At the same time, proposals don't offer a mean for "class headers" to define asserts/super constructor/initializers/.... This leads to the creation of yet another kind of constructors: "in-body constructors" (cf class Person { this(int age); }).
IMO this over complexify the feature and leads to tough discussions around syntax for defining fields.
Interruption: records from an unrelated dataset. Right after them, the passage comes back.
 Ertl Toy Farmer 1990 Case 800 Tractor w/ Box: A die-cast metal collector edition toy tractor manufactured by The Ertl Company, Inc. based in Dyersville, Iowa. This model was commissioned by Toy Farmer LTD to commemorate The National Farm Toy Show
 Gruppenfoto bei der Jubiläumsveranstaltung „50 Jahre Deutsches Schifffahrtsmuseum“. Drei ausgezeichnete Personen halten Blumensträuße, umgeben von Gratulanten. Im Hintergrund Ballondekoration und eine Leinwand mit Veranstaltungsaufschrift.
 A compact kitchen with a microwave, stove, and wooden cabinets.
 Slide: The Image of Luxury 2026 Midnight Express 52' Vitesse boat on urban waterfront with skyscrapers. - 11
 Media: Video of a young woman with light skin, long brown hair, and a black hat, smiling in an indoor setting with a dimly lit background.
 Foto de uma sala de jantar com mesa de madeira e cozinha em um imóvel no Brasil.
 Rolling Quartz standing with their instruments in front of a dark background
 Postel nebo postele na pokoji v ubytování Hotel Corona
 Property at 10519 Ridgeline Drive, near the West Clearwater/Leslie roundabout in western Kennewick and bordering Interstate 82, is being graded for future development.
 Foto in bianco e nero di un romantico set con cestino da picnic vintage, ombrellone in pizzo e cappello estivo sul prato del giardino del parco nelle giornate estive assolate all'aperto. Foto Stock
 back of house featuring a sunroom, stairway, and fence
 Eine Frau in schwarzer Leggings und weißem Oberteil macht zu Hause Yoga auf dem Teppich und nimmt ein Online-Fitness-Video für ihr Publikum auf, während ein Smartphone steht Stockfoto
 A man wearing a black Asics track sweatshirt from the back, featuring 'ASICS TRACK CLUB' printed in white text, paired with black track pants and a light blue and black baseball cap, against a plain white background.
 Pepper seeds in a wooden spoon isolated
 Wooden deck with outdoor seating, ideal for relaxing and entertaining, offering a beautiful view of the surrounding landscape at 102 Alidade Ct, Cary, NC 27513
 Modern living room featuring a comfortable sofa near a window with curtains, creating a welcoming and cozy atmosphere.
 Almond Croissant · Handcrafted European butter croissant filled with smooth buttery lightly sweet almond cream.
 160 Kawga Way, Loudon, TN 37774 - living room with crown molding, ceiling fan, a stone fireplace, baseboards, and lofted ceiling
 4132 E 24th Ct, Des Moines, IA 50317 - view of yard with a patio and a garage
Cf https://github.com/dart-lang/language/issues/4396

In this issue, I'd like to propose an alternative:

• Implement "class header", but not consider them as constructors.
• Add a syntax to inject all fields defined in the "class header" as parameters in a constructor:

   class Example(int a) {
    Example(...); // < '...' adds all fields from the class header as parameter in the constructor
  }
  

• Change the default synthetic constructor that all classes have to also include the class header

This take on headers enable adding asserts or initializers or "non-field parameters" or super constructors, without any impact on class headers.

Table of content:

(links don't work because of Github, but it helps visualize the proposal! :smile:)

• TL;DR syntax usage
  • Class with just a header
  • Class with a header and a constructor
  • Constructors with non-field parameters: Using ... to refer to the header inside constructors
  • Adding asserts, initializers and super constructors to classes with headers
  • Adding const to a header class.
• Going further:
  • Mutable fields
  • Optional header parameters
  • What if a class has a header, but a constructor has no ...?
  • Support ; instead of {} as class body
  • Exclude some fields from ...
• Key takeaways

TL;DR syntax usage

Class with just a header

class Person(String name, {int age}) {}

// ✅ Good usages
final john = Person('John', age: 42);

// ❌ Bad usages
final john = Person('John');
// ^ 'age' is required but missing

final john = Person('John', age: 42);
john.age = 42;
// ^ Fields defined through the header are 'final' by default

[!NOTE]
The header does not define a constructor. The Person('', age: 42) constructor wasn't defined by the header, but instead the "default synthetic constructor" that Dart adds when a class has no constructor.

class Example(int a) {}

is strictly identical to:

class Example(int a) {
  Example(...); // < Inject the class header inside the constructor
}

Class with a header and a constructor

class UserList(List<User> users) {
  const UserList.empty()
    : users = const <User>[];
}

// ✅ Good usages
const list = UserList.empty();

// ❌ Bad usages
final list = UserList([]);
// ^ No `UserList()` is present on the class.
// Since we defined one constructor by hand, then the "synthetic constructor"
// that Dart adds when no constructor is present is no-longer added.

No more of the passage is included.